%%

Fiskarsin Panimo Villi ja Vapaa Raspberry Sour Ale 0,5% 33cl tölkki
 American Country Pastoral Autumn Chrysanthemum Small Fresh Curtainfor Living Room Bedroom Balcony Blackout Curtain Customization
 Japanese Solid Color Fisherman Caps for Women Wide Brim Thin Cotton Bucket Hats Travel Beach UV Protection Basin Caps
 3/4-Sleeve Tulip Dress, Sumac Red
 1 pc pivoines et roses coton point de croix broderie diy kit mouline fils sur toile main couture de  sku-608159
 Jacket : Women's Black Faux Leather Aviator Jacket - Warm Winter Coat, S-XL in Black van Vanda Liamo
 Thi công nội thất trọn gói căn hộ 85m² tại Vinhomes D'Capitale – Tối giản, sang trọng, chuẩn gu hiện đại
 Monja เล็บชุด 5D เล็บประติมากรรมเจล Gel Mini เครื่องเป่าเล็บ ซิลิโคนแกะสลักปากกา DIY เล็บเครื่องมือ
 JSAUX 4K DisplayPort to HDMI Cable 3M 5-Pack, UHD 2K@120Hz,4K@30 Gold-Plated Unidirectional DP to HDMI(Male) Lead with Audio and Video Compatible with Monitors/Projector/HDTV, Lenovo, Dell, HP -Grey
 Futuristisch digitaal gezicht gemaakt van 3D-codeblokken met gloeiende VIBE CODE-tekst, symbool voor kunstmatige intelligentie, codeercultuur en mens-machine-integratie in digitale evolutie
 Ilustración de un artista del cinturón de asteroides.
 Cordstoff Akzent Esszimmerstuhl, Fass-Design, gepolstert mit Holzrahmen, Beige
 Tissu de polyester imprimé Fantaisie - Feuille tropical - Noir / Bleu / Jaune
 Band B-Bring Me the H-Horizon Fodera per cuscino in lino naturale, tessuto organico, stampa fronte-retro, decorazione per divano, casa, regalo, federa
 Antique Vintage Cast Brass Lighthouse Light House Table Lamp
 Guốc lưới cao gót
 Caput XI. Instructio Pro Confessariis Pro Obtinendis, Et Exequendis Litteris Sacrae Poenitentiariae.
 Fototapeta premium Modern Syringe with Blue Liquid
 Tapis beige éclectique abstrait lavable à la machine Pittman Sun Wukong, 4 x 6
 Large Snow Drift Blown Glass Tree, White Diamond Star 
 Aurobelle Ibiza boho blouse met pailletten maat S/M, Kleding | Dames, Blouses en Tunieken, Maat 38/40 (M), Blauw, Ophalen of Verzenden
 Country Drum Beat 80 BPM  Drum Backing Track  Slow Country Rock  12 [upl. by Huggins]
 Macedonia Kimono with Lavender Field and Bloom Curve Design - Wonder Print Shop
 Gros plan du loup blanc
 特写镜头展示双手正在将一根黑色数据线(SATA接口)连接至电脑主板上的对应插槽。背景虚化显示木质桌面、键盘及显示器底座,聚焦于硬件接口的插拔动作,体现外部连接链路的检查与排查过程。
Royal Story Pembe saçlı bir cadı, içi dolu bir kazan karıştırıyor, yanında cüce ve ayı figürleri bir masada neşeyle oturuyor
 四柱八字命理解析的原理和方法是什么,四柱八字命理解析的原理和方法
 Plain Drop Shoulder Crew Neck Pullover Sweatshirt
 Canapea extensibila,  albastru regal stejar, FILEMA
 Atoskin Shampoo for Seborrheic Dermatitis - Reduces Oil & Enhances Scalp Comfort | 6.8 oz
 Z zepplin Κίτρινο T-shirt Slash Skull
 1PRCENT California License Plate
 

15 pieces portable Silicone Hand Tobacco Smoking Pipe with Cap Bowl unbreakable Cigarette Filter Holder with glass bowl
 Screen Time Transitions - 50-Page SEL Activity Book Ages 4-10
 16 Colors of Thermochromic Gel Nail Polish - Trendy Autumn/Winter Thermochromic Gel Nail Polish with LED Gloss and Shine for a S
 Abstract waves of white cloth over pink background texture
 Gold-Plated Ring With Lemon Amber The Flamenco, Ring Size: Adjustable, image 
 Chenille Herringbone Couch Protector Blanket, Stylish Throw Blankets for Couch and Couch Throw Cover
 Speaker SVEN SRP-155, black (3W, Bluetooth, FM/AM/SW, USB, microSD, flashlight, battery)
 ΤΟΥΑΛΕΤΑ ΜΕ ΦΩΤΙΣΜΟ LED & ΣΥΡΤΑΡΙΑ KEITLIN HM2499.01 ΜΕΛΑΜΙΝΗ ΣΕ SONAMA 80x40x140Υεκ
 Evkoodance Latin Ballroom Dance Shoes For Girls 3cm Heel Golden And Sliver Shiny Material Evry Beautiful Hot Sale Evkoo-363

%%

■ **Problem details**: Keeping every character as it is, restate the lines above that run from the line with "Tapis beige éclectique" through the line with "Speaker SVEN SRP-155, black", both included, and nothing else.

■ **Solution to the exercise**:
 Tapis beige éclectique abstrait lavable à la machine Pittman Sun Wukong, 4 x 6
 Large Snow Drift Blown Glass Tree, White Diamond Star 
 Aurobelle Ibiza boho blouse met pailletten maat S/M, Kleding | Dames, Blouses en Tunieken, Maat 38/40 (M), Blauw, Ophalen of Verzenden
 Country Drum Beat 80 BPM  Drum Backing Track  Slow Country Rock  12 [upl. by Huggins]
 Macedonia Kimono with Lavender Field and Bloom Curve Design - Wonder Print Shop
 Gros plan du loup blanc
 特写镜头展示双手正在将一根黑色数据线(SATA接口)连接至电脑主板上的对应插槽。背景虚化显示木质桌面、键盘及显示器底座,聚焦于硬件接口的插拔动作,体现外部连接链路的检查与排查过程。
Royal Story Pembe saçlı bir cadı, içi dolu bir kazan karıştırıyor, yanında cüce ve ayı figürleri bir masada neşeyle oturuyor
 四柱八字命理解析的原理和方法是什么,四柱八字命理解析的原理和方法
 Plain Drop Shoulder Crew Neck Pullover Sweatshirt
 Canapea extensibila,  albastru regal stejar, FILEMA
 Atoskin Shampoo for Seborrheic Dermatitis - Reduces Oil & Enhances Scalp Comfort | 6.8 oz
 Z zepplin Κίτρινο T-shirt Slash Skull
 1PRCENT California License Plate
 

15 pieces portable Silicone Hand Tobacco Smoking Pipe with Cap Bowl unbreakable Cigarette Filter Holder with glass bowl
 Screen Time Transitions - 50-Page SEL Activity Book Ages 4-10
 16 Colors of Thermochromic Gel Nail Polish - Trendy Autumn/Winter Thermochromic Gel Nail Polish with LED Gloss and Shine for a S
 Abstract waves of white cloth over pink background texture
 Gold-Plated Ring With Lemon Amber The Flamenco, Ring Size: Adjustable, image 
 Chenille Herringbone Couch Protector Blanket, Stylish Throw Blankets for Couch and Couch Throw Cover
 Speaker SVEN SRP-155, black (3W, Bluetooth, FM/AM/SW, USB, microSD, flashlight, battery)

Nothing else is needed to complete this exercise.